Information provided:
◆ ◆ ◆ ◆ ◆
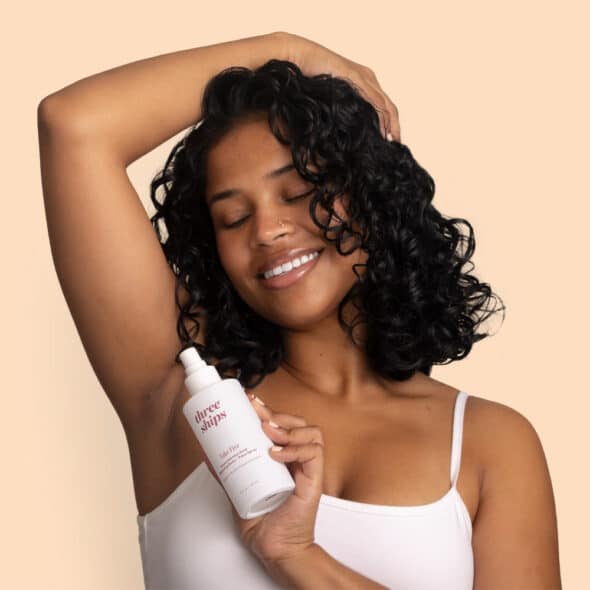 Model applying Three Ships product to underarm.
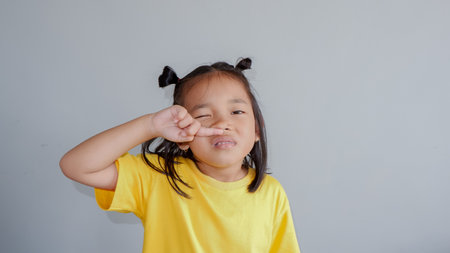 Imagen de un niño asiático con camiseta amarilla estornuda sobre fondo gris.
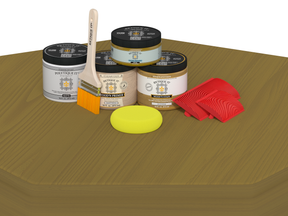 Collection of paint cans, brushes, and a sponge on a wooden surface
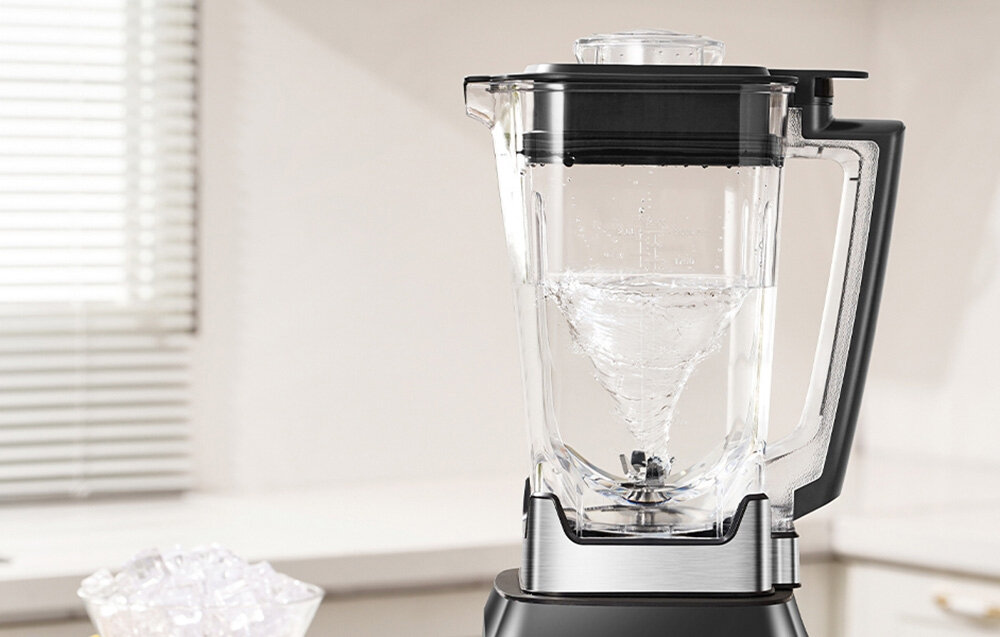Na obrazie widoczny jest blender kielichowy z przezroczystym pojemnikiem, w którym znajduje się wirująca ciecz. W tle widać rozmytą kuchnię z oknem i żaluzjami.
◆ ◆ ◆ ◆ ◆
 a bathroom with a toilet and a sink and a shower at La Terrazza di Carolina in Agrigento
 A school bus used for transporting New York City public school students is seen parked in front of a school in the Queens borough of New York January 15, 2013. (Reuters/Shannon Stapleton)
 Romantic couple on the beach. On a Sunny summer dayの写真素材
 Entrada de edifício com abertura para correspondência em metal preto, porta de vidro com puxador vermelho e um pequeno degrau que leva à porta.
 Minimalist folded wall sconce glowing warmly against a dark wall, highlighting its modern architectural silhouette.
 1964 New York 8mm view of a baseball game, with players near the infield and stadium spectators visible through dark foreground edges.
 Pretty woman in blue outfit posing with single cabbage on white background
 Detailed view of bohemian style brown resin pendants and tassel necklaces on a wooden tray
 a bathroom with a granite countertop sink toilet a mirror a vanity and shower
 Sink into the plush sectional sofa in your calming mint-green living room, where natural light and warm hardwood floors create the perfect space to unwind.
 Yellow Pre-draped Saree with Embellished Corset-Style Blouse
◆ ◆ ◆ ◆ ◆
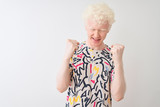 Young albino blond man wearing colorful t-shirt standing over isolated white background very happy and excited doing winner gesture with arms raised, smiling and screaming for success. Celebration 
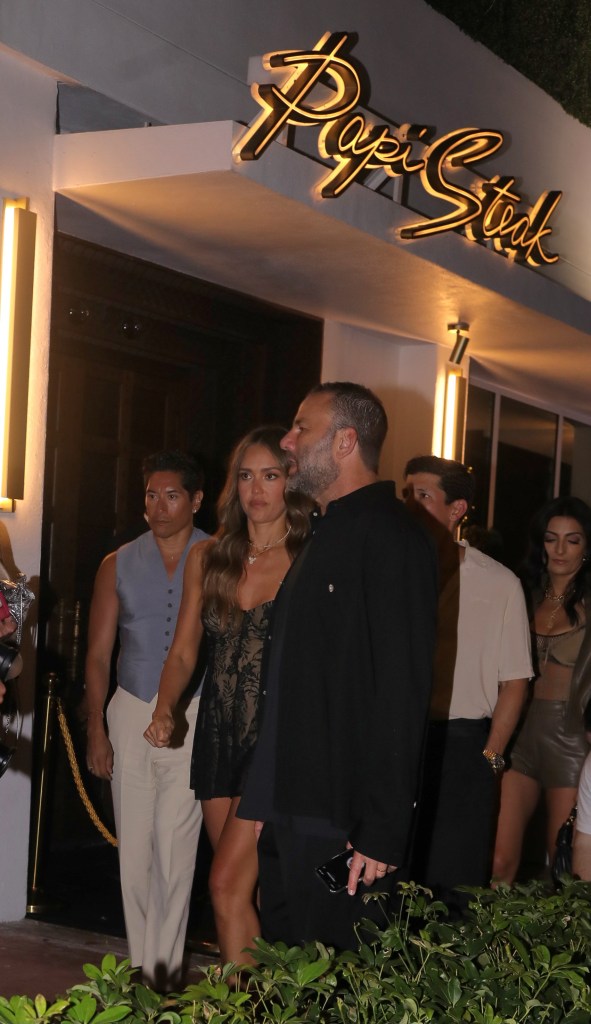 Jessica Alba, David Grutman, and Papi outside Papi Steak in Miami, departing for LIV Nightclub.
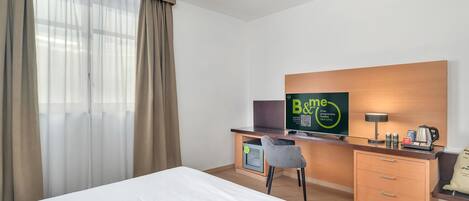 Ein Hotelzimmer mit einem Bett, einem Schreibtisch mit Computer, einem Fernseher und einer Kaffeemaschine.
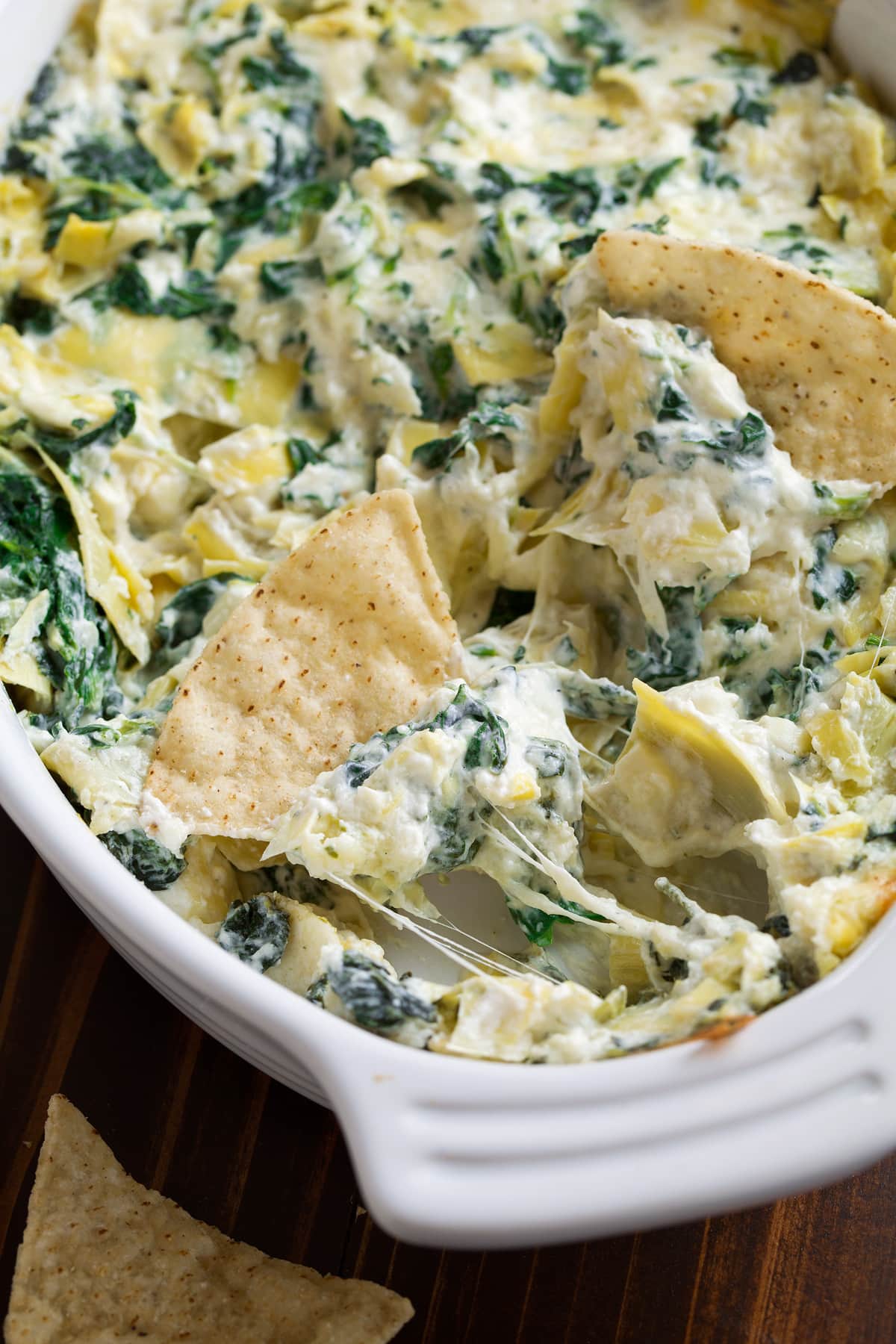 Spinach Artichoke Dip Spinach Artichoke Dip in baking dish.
◆ ◆ ◆ ◆ ◆
Work order: Among the entries above, copy exactly the stretch from the line holding "Ein Hotelzimmer mit" through the line holding "Spinach Artichoke Dip Spinach", leaving out any pictures.

Task response:
 Ein Hotelzimmer mit einem Bett, einem Schreibtisch mit Computer, einem Fernseher und einer Kaffeemaschine.
 Spinach Artichoke Dip Spinach Artichoke Dip in baking dish.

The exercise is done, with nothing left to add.